If I look at the back of each tire, this is what I see....
Front Driver side - treads are running *low to high* from *outside to inside*.
Front Passenger side - treads are running *low to high* from *inside to outside*.
Back Driver side - treads are running *low to high* from *outside to inside*.
Back Passenger side - treads are running *low to high* from *inside to outside*.

Is this the way they are supposed to be???
Shouldn't the wheels on the right side have treads running low to high from the outside to the inside of the wheel well???

Sorry, if this is a stupid question, but I would really like to get this issue resolved.....

Thanks.


----------



## eyesack (Feb 22, 2006)

hey man, post some pics of your tires. ALSO READ YOUR SIDEWALLS! if the tires are assymetrical or 1 directional, the arrow on the sidewall will be facing front. if not, they are on wrong. just look at the sidewall.
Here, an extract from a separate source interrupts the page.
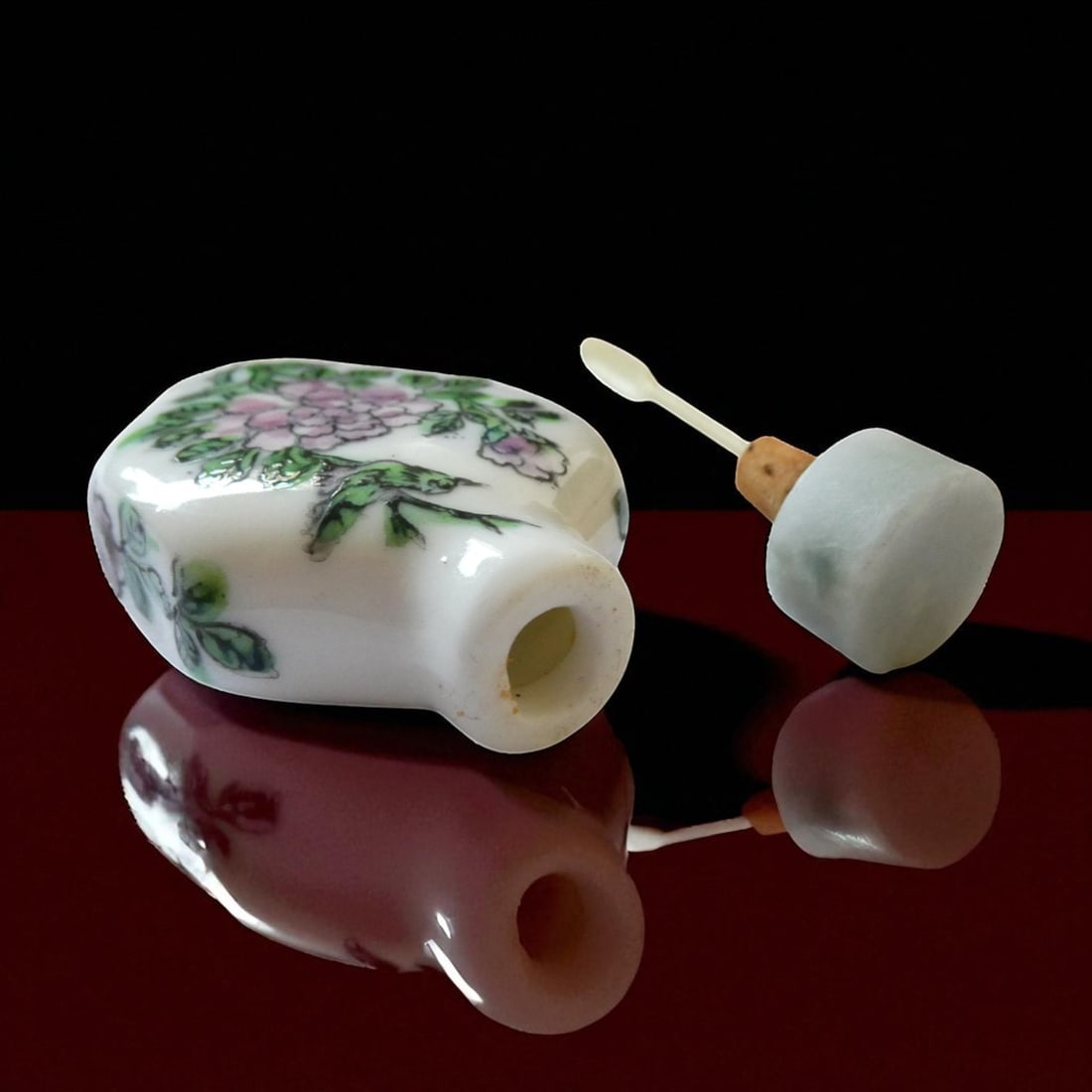 Chinese Famille Rose Porcelain Snuff Bottle, Qianlong Mark, 20th Century: A finely enameled Chinese porcelain snuff bottle, standing 6 cm tall including the stopper (5 cm without), and 3.7 cm at its widest point. The bottle is delicately decorated in the famille rose palett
Is it windy where you live???


----------



## wheli (Apr 3, 2006)

yea, its pretty windy where i live......which i assume is part of the problem, but i dont see other cars on the road swaying like mine is

thanks for the info, I will check the sidewalls.

sorry for the :lame: question, i am definitely a :newbie: when it comes to this sh*t


----------



## wheli (Apr 3, 2006)

So i checked out the sidewalls, there is no writing indicating which direction they should be in.....so i guess that means that they are nondirectional?

Thanks anyway for the help.


----------



## DJMystery101 (Sep 4, 2006)

how often do you rotate your tires? should be every 3k-6k also when was the last time you had them balanced?


----------



## wheli (Apr 3, 2006)

It has probably been about 4k since i got the new tires put on....and i have no rotated, balanced, or aligned them since then.

I'm just going to bring it to a shop and see what they have to say.....I'm sick of feeling like I'm going to die everytime I drive my car at 60+mph.


Thanks for the help guys.

P.S. Happy 420! :fluffy: :crazy:


----------



## mf05ser (Jan 15, 2007)

Also Make sure tire if tire says inside and outside. Always put the outside out. And its probably the wind like eyesack says. 

Where did you align? Maybe incorrect?


----------



## wheli (Apr 3, 2006)

Turns out that it wasn't a problem with my tires at all......
Apparently, all of my struts, sway bars, and bushings are bad! woohoo!

Guess its time to break open that old piggy bank....


----------



## wheli (Apr 3, 2006)

thanks for the help though guys.


----------